Tuesday, November 18, 2008

NSA declassifies much of its archive

No, this isn't a recent phenomenon. No, you (probably) won't get anything on Gitmo there. Yes, I'm behind the times posting this.

Now that we have that out of the way, there's a bunch of interesting Cold War stuff here:
In response to a declassification request by the National Security Archive, the secretive National Security Agency has declassified large portions of a four-part “top-secret Umbra” study, American Cryptology during the Cold War. Despite major redactions, this history discloses much new information about the agency’s history and the role of SIGINT and communications intelligence (COMINT) during the Cold War.
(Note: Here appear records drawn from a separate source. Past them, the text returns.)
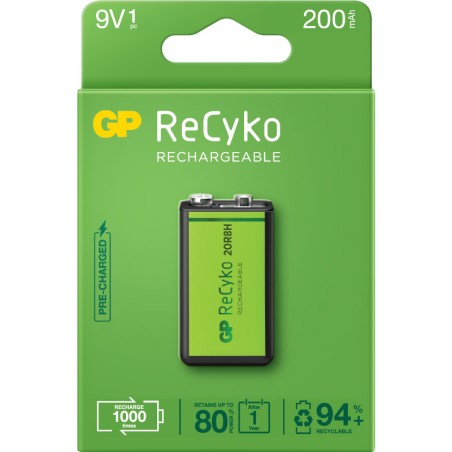 Acumulatori GP Batteries, ReCyco 200mAh 9V NiMH, paper box 1 buc. 20R8H-EB1, "GP20R8H-2EB1" "GPRHV208R075" (timbru verde 0.08  l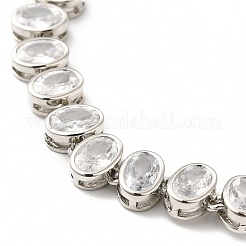 Bracelet chaîne à maillons ovales avec oxyde de zirconium transparent&nbsp;BJEW-E073-04P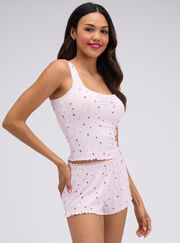 Floral ribbed short pyjama set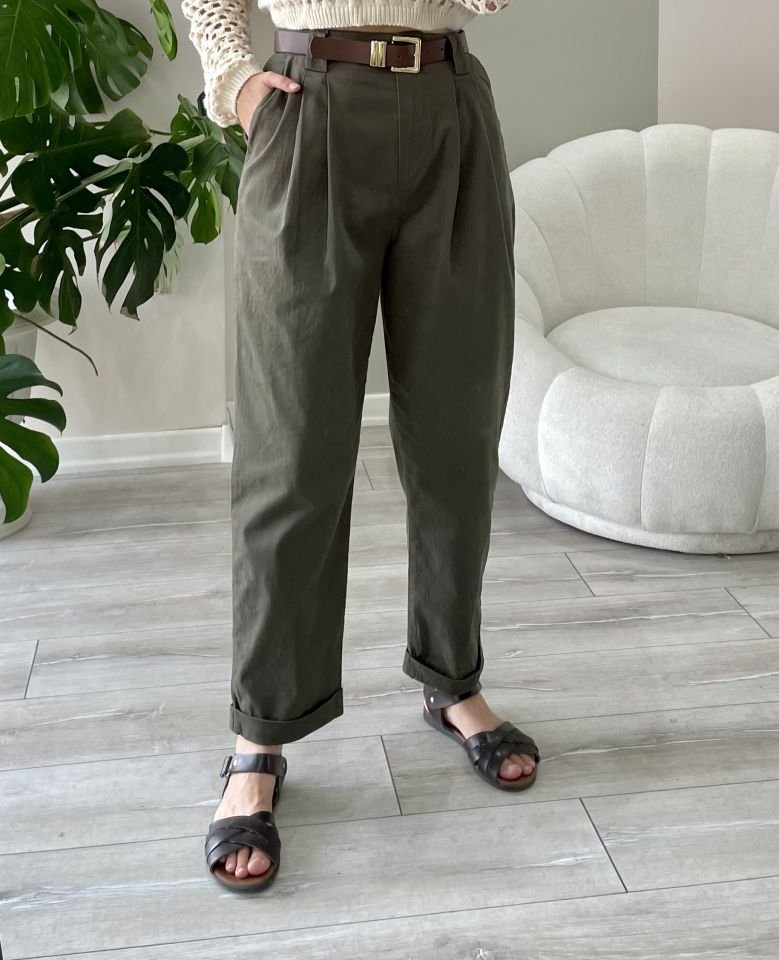 Kemerli Pantolon Haki
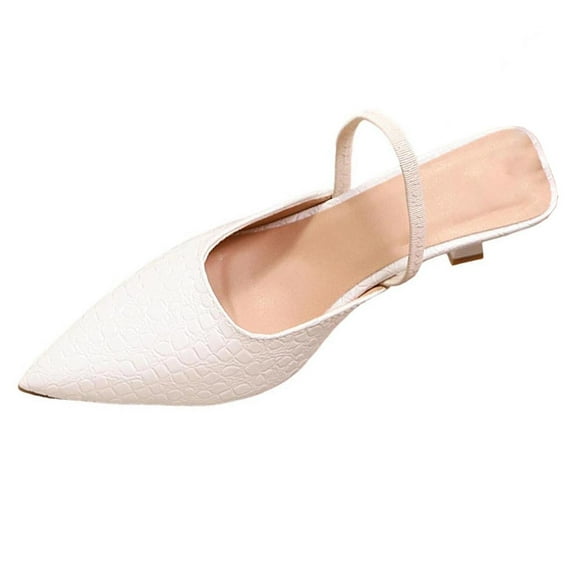 Xfvqtps Womens Embossed Pointed Toe Mules Slingback Block Heel Slides Fashionable Casual Dress Shoes for Office and Evening Wear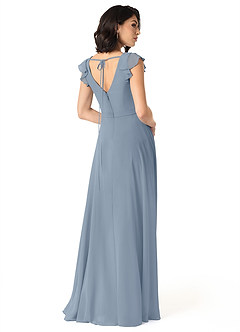 Azazie Claudine Final Sale Twilight A-Line Flutter Sleeve Chiffon Dress image5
Researched and written by NSA historian Thomas Johnson, the three parts released so far provide a frank assessment of the history of the Agency and its forerunners, warts-and-all.
So this is the formerly secret, internal, Eyes Only NSA study of US Cryptographic and SIGINT efforts during the Cold War. There are victories:
Ten days before the Soviet Union invaded Afghanistan on 28 December 1979, U.S. intelligence agencies provided “specific warning” of the invasion. The post-mortems evaluating intelligence estimates of the Soviet invasion “were unanimous in describing [them] as an intelligence success.”
The Cuban Missile Crisis of 1962 was a major strategic intelligence failure for NSA. SIGINT provided no warning of the presence of Soviet nuclear-armed intermediate and medium-range ballistic missiles in Cuba prior to their discovery by U-2 reconnaissance aircraft; according to Johnson, this “marked the most significant failure of SIGINT to warn national leaders since World War II.”
and missed opportunities:
In April 1975, as the North Vietnamese military prepared for the final offensive to capture the beleaguered South Vietnamese capital of Saigon, ambassador Graham Martin refused to believe SIGINT reporting which clearly indicated that the offensive was about to commence, arguing that the intercepts were a “deception.” He believed that North Vietnamese wanted a coalition government, not military victory. The offensive began on April 26, 1975. Three days later, Saigon fell.
It also discusses the terrible working relationship between the CIA and the NSA.

If you are an Intel-geek, then this site is a must read.